Let’s see a show of hands. Who enjoys conflict? I realize some of you may have your hand up (and you’ve probably noticed your lunch invites decreasing), but most people do not enjoy conflict simply because they are not skilled in resolving conflict in a healthy manner. When it comes to marriage, many couples tend to equate low levels of conflict with happiness, believing that the absence of fighting indicates marital health. This perspective may give the appearance of marital success, but when considering successful, long-term marriages, this mindset is quite deceiving.

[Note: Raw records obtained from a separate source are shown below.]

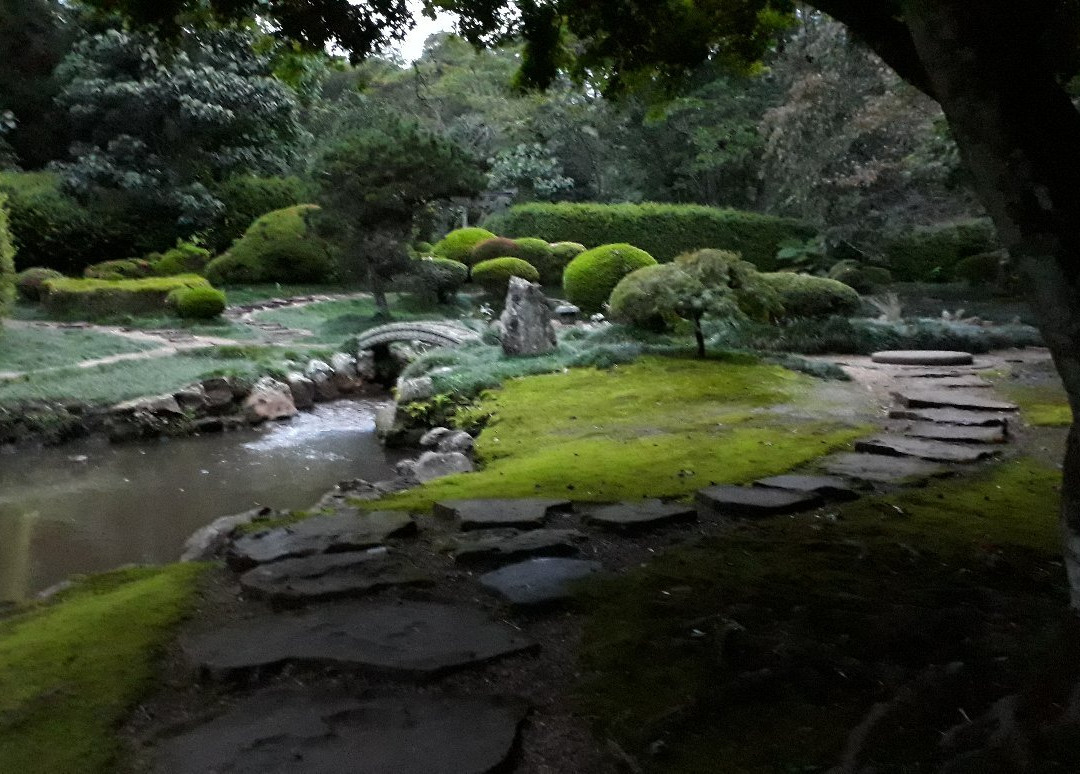 Makaranga Lodge主图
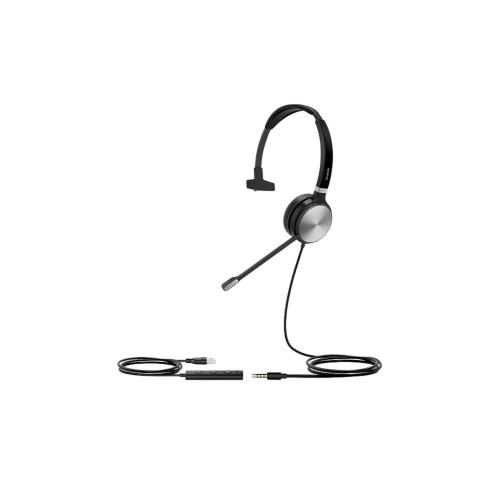 Гарнитура Yealink UH36 Mono UC
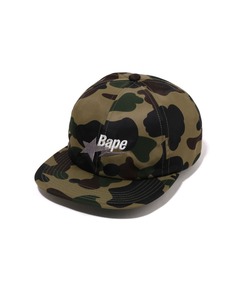 ABC CAMO KNIT CAP（ニットキャップ/ビーニー）｜A BATHING APE（ア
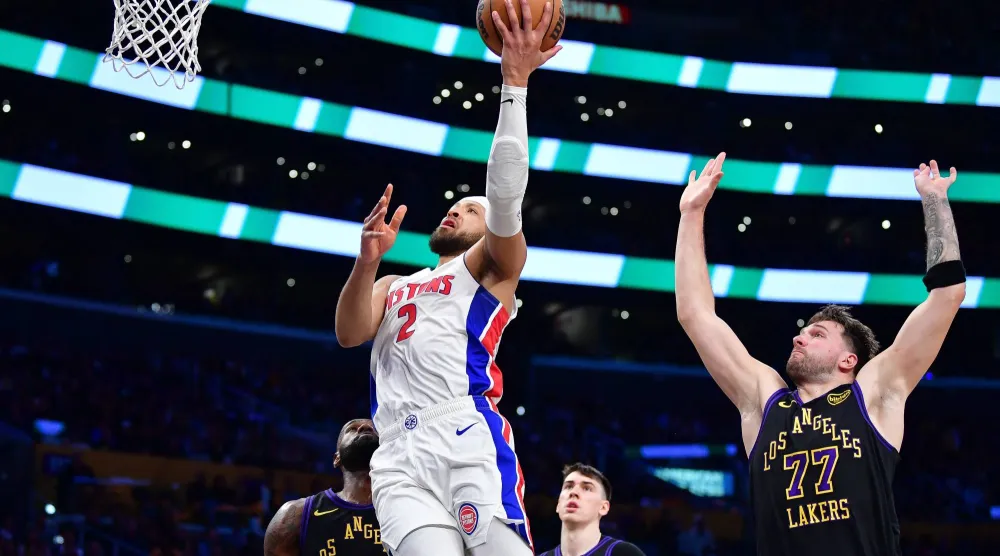 كايد كانينغهام (أ.ب)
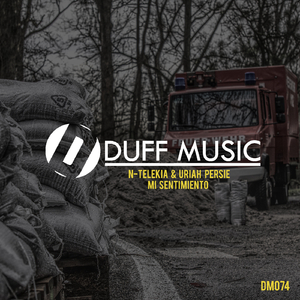 Mi sentimiento (Original Mix)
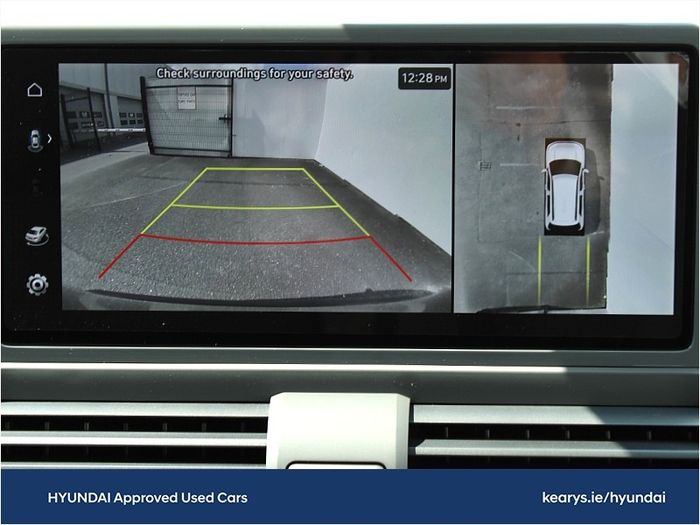 Hyundai INSTER 2026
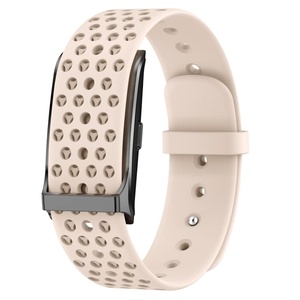 Screenless thông minh ban nhạc đồng hồ H59, nhịp tim máu Oxy giấc ngủ cuộc gọi nhắc nhở 100 + thể thao chế độ tập thể dục Vòng đeo tay thông minh - Product Image 4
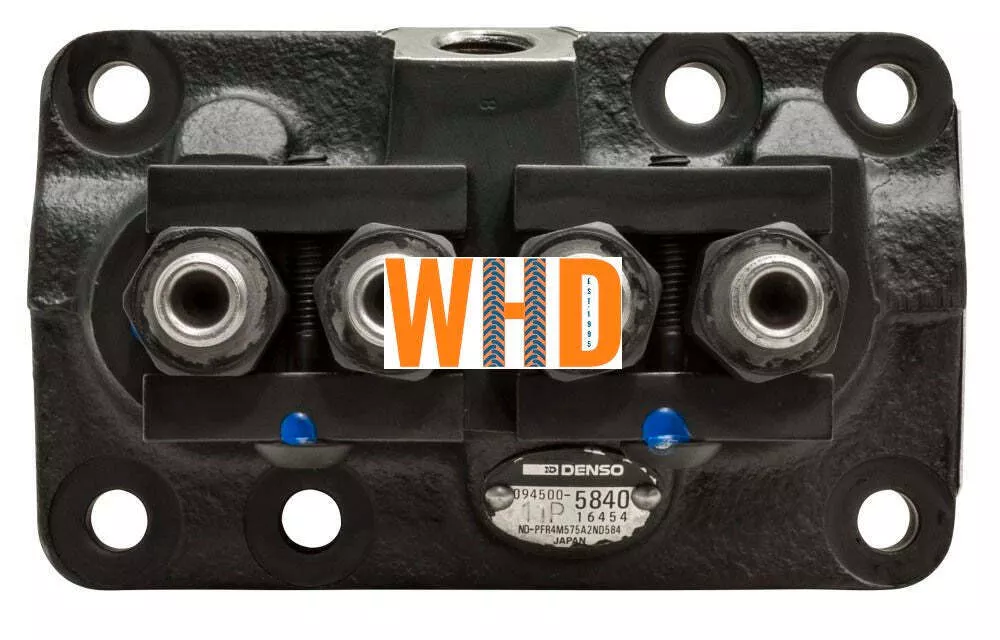 Fuel Injection Pump Fits Kubota Model L3600DT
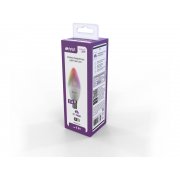 Умная LED лампочка «IoT C1 RGB»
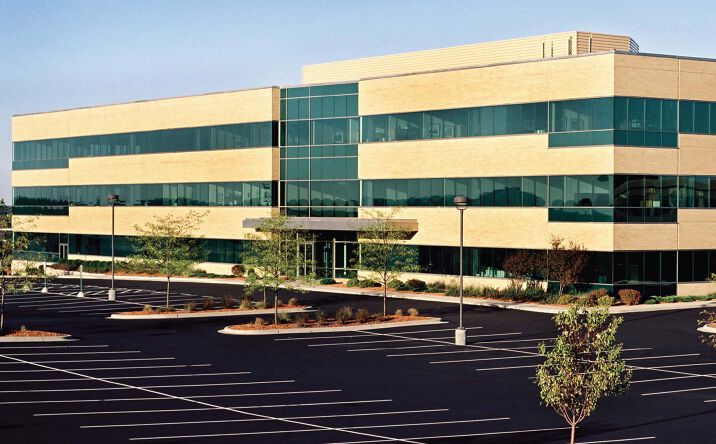 Pictures of Office property located at N16W23217 Stone Ridge Dr, Pewaukee, WI 53188 for lease - image #1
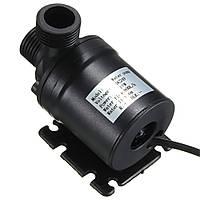 Циркуляційний насос занурювальний 24V потужність 19W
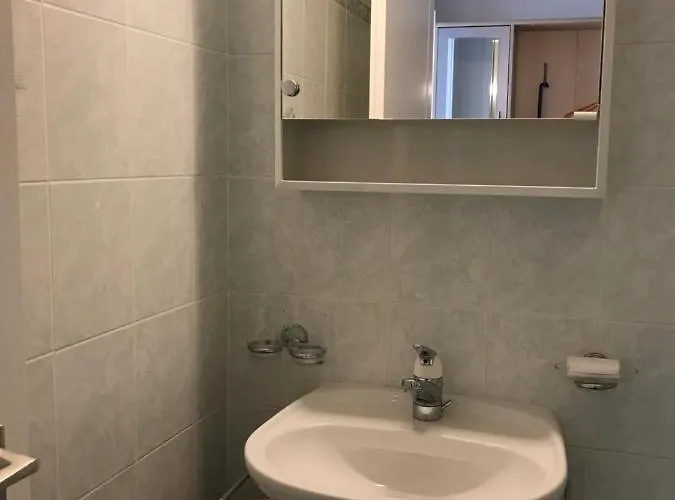 아파트 Casa Franceschini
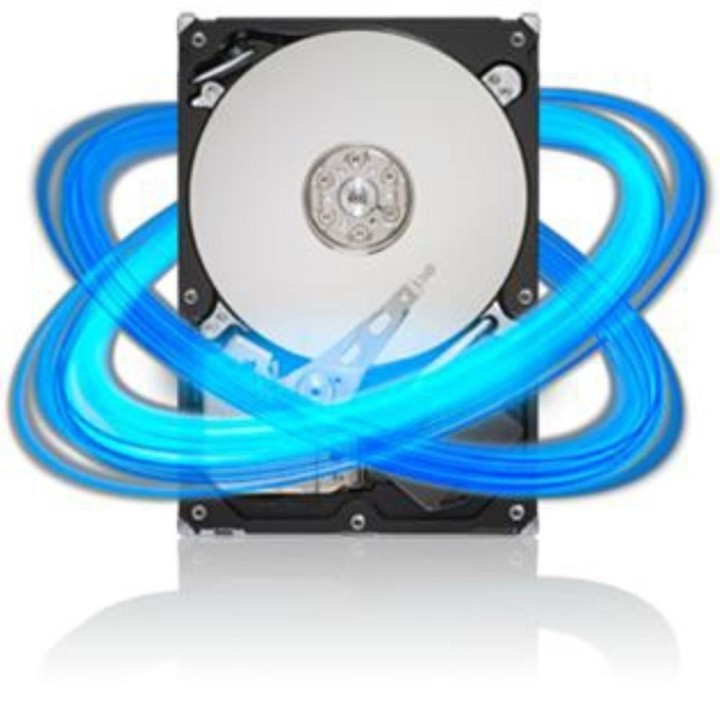 Disco duro interno hdd seagate barracuda st3160316as 160gb 3.5 pulgadas sata 6gb - s 7200rpm - 8mb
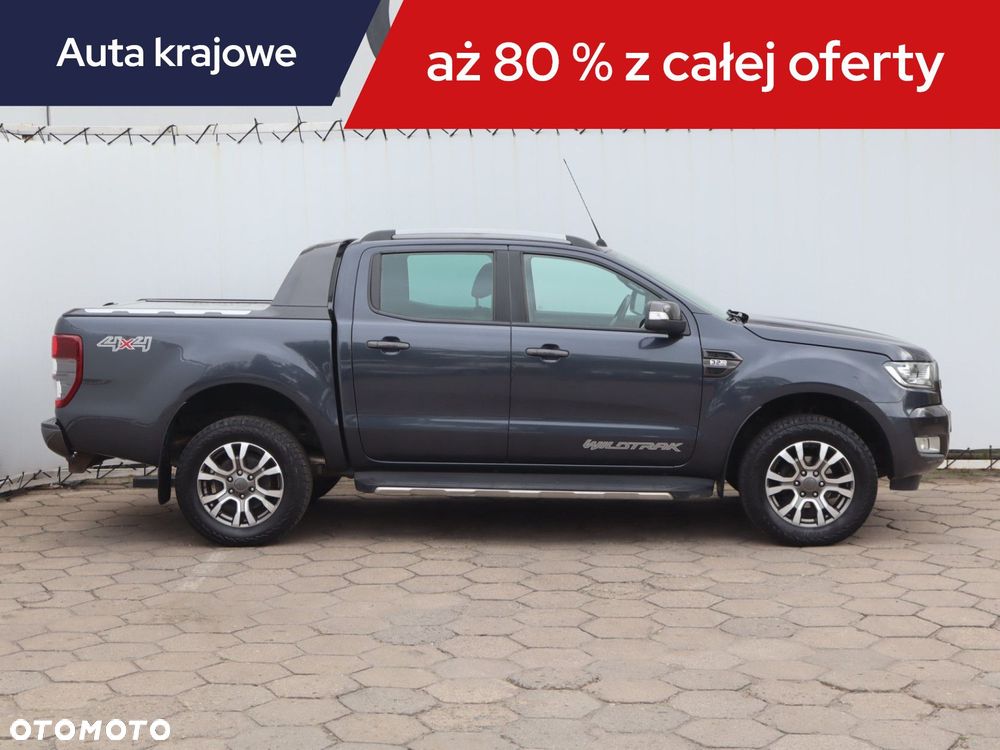Ford Ranger - 8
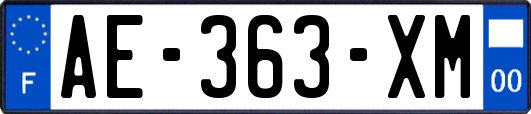 AE-363-XM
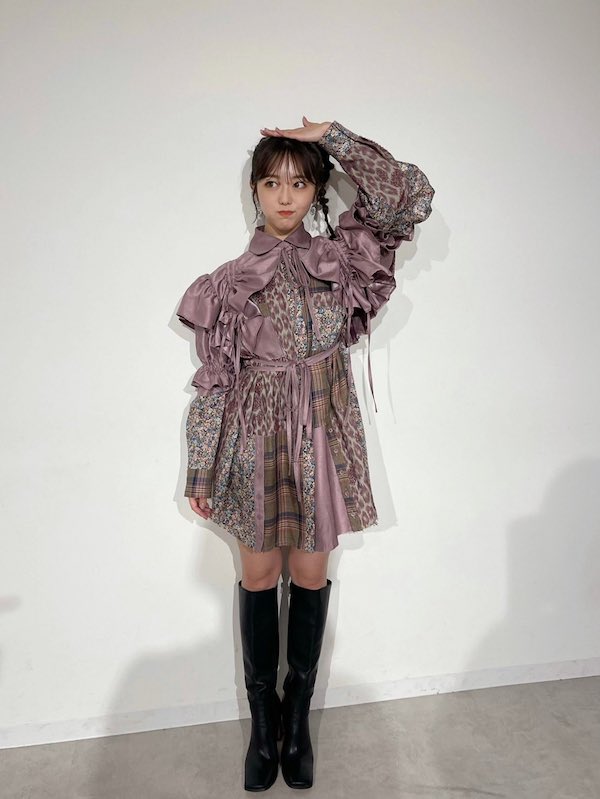 峯岸みなみ かわいい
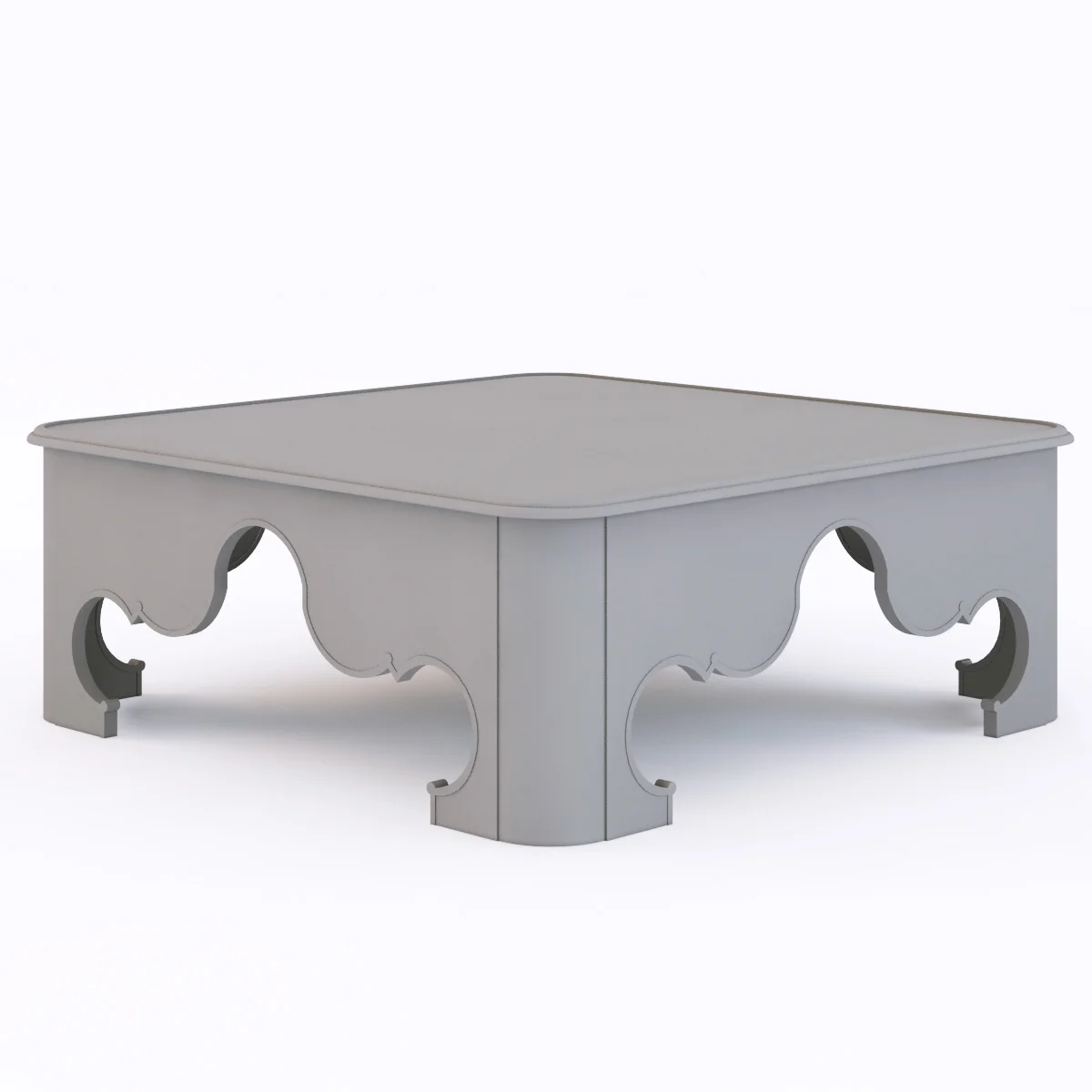 Francesco Molon T94 — 3D model preview 3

Disagreements are a normal part of marriage. In fact, each conflict that spouses experience actually presents a great opportunity to grow closer in their relationship through the reconciliation process. Therefore, the avoidance of conflict can actually hurt the marriage, not help it. Think of it this way. Webster defines conflict as a “competitive or opposing action of incompatibles. Mental struggling resulting from incompatible or opposing needs, drives, wishes, or external or internal demands.”* Simply put, conflict results from a conflict of interests between people. Since no two individuals are exactly the same, there will be differences in interests from time to time. When there is no avenue to resolve the conflicting interests, individuals get frustrated which leads to hostility. So then, one key to marital harmony is not the avoidance of conflict but how conflict is handled. Couples that seem to enjoy marriage the most are those who have learned to resolve their differences using a process characterized by acceptance, understanding, and forgiveness.
Over the next few weeks we will look at various causes of conflict, along with some tools and techniques that will be useful as you assist your mentee couple in resolving chronic conflicts in their marriage. With any technique or tool, remember that changing conflict patterns will always first involve recognizing current barriers to resolving conflict, then being willing to break old, unhealthy patterns before implementing new behavior patterns.